Brief: Could you retype exactly the lines below between the one holding "खेरागढ़ में भीषण" and the one holding "Rolls, 15000 Labels]", inclusive, leaving out any pictures?
═════ The records ═════
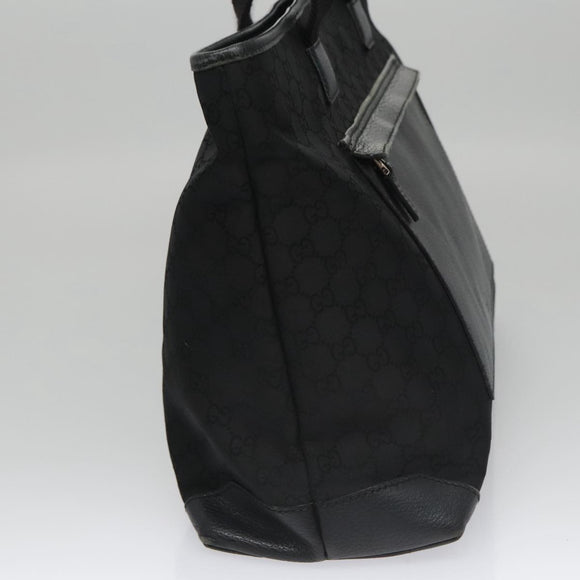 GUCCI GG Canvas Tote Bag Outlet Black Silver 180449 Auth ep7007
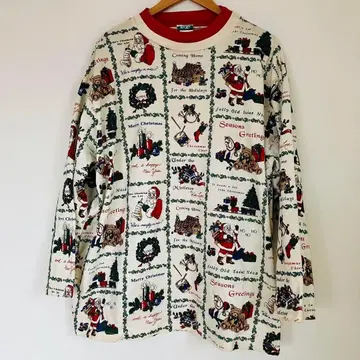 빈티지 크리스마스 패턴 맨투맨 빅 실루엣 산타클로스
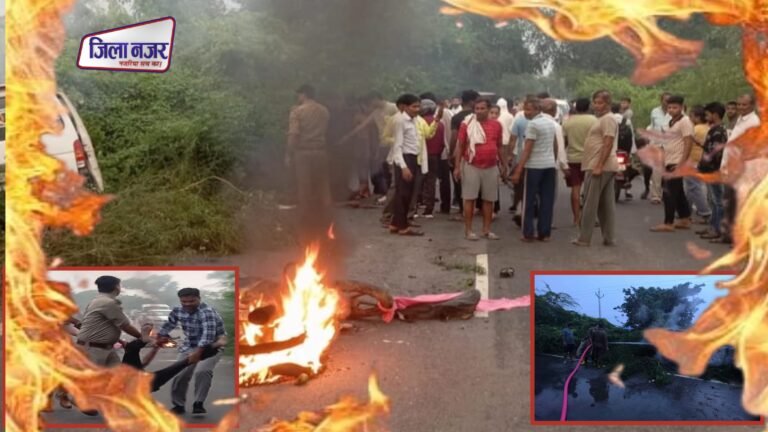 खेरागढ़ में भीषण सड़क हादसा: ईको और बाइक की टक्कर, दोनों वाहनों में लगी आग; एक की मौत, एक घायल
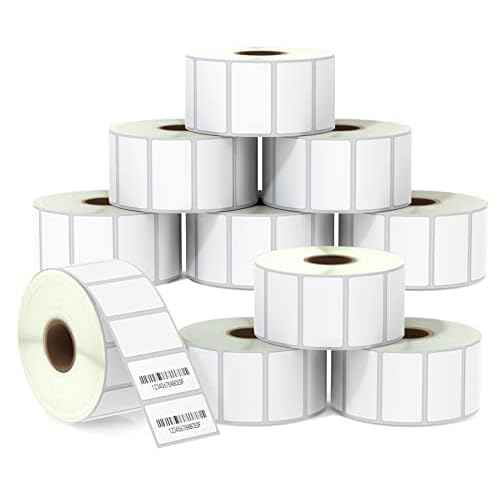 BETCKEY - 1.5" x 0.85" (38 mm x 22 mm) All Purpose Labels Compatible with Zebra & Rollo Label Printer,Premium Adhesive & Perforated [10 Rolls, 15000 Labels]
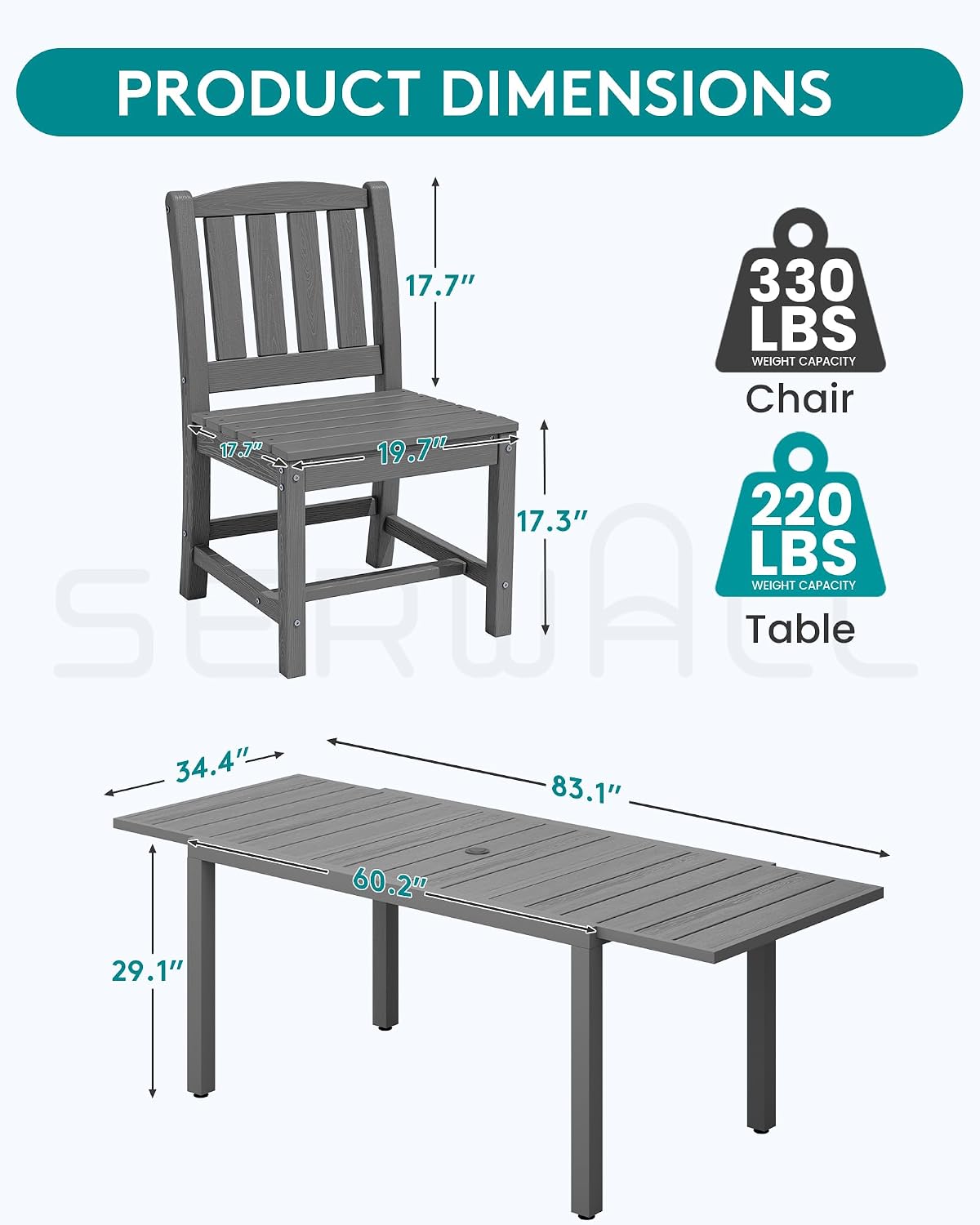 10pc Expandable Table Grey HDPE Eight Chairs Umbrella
═════
═════ The records ═════
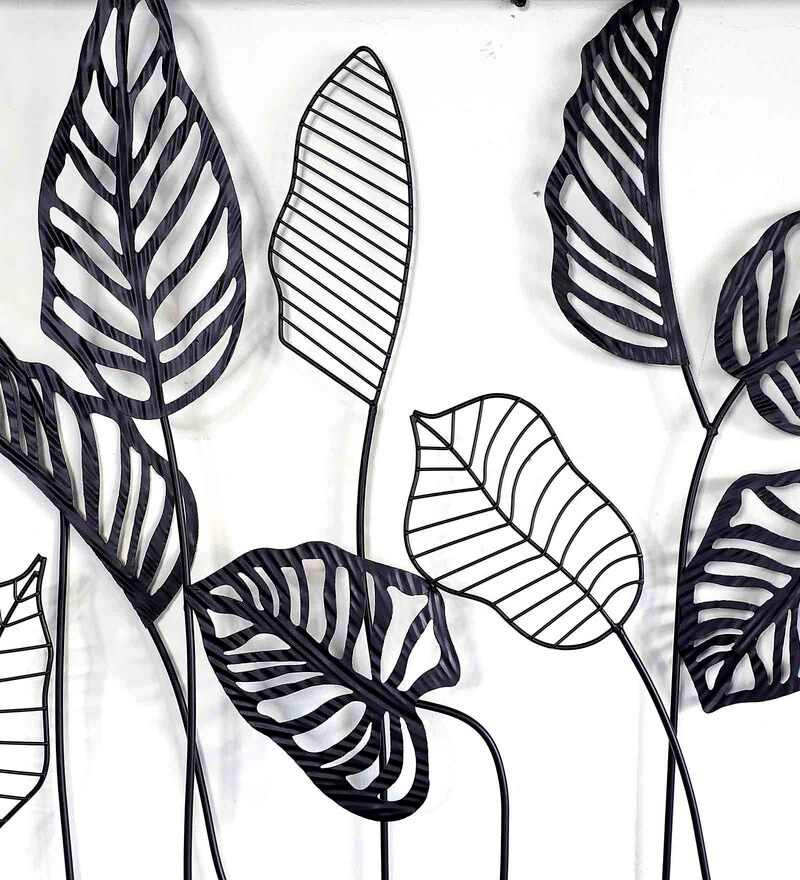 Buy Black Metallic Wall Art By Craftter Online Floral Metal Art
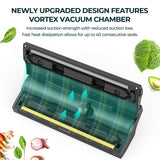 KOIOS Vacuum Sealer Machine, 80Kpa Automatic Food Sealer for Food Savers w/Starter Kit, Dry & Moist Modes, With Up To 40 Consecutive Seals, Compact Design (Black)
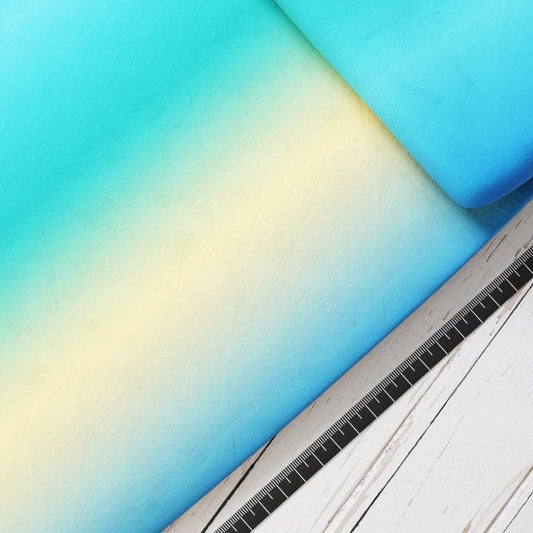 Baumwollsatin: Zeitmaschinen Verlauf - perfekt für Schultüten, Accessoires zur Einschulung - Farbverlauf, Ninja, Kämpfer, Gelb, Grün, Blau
═════
Response to the task:
 खेरागढ़ में भीषण सड़क हादसा: ईको और बाइक की टक्कर, दोनों वाहनों में लगी आग; एक की मौत, एक घायल
 BETCKEY - 1.5" x 0.85" (38 mm x 22 mm) All Purpose Labels Compatible with Zebra & Rollo Label Printer,Premium Adhesive & Perforated [10 Rolls, 15000 Labels]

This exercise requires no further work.